I'm doing a BI school project in which I had to collect and clean data to create a multidimensional model. I selected yearly crime data by districts of my country and enriched it with demographics and economics, resulting in three sources. Each source has the data for each year of the sample (2017-2022) for each district, e.g this hierarchy:
- 2017
- District 1
- District 2
- 2018
- District 1
- District 2
Sources relate using the district's zip code as key. Here they are:
Crime data
- Year
- State
- Province
- District (and zip code)
- Crime category
- Amount (for that category, for that district, for that year)
Demographic data
- Year
- District zip code
- Total population
- Average age
- Average home size
- Other similar indicators...
Economics data
- Year
- District zip code
- Mean income
- Other similar indicators...
I was trying to design the multidimensional model considering the facts as the crime-related data (number of crimes for the category and some other computed KPIs), but I'm having some trouble with how to fit in the demographic and economic indicators (which would be used to enrich the crime data analysis). Here are my thougths:
- I can't include demographic and economic indicators in the fact table, as its granularity is defined by the crime categories, so, for instance, I would have repeated population data for each of the crime categories for a district
- I can't include them neither on the district dimension, as the values vary for each year.
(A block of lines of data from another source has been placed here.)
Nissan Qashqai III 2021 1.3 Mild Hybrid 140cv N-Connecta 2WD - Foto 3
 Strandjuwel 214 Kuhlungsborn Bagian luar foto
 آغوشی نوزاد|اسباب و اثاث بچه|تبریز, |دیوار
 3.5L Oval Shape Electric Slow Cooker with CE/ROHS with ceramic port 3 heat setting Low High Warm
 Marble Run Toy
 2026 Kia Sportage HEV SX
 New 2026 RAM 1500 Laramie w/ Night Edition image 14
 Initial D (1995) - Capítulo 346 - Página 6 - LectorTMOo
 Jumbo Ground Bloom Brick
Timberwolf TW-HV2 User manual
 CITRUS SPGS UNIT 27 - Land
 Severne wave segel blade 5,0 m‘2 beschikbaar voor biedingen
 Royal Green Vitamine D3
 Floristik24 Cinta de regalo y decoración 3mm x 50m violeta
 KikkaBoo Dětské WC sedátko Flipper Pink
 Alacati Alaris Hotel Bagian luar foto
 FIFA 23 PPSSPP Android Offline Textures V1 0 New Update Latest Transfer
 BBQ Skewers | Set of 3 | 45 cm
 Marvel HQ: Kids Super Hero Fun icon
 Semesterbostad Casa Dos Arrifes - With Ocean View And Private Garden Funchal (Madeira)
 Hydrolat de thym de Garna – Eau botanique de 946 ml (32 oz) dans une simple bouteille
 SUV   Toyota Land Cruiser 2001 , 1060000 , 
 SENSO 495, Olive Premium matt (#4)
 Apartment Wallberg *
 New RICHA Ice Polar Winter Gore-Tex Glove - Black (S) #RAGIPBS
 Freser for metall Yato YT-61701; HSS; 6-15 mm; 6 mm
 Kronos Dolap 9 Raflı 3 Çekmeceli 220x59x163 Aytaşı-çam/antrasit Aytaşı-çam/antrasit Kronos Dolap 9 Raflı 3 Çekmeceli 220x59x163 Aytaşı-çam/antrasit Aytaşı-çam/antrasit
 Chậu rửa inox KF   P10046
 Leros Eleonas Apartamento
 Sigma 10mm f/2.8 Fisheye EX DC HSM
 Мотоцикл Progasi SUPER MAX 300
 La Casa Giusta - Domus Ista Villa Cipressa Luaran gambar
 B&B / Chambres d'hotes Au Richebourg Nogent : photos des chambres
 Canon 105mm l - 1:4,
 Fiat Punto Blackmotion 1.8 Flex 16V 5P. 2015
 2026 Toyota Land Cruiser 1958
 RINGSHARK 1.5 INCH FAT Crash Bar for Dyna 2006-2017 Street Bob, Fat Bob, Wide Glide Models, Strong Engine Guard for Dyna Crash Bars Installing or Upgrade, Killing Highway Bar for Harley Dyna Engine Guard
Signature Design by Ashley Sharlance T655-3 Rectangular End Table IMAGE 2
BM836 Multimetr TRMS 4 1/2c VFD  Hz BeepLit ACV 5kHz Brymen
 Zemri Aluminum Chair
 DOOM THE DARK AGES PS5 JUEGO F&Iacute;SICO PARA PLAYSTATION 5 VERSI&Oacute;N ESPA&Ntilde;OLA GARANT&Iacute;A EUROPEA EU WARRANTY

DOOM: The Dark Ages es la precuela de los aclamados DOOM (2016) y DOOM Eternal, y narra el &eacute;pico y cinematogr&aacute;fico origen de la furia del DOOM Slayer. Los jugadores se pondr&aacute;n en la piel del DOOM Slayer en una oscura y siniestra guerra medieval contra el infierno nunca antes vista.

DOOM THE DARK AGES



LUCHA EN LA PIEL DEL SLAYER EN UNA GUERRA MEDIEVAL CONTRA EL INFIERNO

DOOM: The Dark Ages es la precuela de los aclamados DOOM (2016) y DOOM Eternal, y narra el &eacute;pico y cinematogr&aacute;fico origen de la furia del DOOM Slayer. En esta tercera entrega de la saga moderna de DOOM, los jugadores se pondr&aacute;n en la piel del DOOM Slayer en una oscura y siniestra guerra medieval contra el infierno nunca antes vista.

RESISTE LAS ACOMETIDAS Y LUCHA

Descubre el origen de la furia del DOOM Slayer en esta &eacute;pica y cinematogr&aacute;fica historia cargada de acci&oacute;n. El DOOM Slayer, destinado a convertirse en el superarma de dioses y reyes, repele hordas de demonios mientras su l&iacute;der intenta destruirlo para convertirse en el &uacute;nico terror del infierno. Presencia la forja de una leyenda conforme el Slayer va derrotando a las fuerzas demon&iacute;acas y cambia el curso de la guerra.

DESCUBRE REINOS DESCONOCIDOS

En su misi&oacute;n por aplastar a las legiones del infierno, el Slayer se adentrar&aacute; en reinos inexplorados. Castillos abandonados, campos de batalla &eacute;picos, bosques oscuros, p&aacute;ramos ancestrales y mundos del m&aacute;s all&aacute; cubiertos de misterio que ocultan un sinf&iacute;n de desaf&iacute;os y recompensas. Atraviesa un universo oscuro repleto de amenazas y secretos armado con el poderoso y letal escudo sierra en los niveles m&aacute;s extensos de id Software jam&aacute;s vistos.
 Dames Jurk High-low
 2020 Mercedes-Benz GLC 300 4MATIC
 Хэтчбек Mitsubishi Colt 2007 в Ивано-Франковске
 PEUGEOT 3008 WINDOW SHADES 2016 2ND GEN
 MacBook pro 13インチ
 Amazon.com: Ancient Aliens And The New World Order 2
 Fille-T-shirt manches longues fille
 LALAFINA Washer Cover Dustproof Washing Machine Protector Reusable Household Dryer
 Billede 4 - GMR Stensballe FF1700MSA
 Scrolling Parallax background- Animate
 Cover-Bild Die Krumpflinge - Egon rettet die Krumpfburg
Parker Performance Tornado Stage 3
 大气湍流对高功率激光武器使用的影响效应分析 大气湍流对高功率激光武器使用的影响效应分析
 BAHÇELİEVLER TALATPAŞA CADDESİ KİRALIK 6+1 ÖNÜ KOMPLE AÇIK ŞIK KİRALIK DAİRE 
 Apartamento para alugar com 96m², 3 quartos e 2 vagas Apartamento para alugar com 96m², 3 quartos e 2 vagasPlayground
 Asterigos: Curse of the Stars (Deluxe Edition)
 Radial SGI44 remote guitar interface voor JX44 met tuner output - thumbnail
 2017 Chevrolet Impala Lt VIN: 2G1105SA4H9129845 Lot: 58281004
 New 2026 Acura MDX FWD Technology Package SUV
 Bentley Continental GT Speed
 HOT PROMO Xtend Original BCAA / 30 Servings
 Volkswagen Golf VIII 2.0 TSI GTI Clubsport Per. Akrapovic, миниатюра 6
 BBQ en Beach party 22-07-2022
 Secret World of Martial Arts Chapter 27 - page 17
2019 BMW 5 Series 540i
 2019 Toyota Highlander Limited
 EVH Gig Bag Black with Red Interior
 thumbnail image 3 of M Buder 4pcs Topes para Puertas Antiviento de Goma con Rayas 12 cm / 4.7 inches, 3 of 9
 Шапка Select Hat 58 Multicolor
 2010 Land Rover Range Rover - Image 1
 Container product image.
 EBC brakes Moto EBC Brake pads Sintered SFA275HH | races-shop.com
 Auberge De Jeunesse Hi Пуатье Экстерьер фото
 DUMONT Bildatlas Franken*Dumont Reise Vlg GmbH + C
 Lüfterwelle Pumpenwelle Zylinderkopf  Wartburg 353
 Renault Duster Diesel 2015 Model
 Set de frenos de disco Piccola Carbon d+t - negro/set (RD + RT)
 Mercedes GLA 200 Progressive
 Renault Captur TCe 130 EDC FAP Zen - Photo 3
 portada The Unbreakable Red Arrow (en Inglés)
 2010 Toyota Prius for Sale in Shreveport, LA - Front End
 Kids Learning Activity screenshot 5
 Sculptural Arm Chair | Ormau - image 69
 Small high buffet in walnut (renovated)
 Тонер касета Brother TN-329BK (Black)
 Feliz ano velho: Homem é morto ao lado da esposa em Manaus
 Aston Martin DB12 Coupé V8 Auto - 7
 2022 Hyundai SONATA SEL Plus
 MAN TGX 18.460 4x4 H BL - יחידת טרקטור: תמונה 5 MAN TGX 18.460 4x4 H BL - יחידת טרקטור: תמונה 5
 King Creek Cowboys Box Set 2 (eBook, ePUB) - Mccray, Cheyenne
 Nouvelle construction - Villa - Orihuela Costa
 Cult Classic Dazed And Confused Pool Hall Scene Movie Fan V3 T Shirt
Same happens for the time dimension (which I doubt if it would make sense at all, since I only have year-level granularity), because the values are linked to the municipality
- I could create an 'indicators' dimension, but it would have a PK composed by two FKs (year and municipality, which are the PKs of other two dimensions), but what I think I've learned of multidimensional models, that doesn't fits a Star or Snowflake schema
- I could have a fact table with its specific district-level granularity for the demographic and economic indicators, but it would still be linked to the original fact table, and I'm not completely sure that two fact tables should be connected
Am I taking the wrong approach here?
Thank you!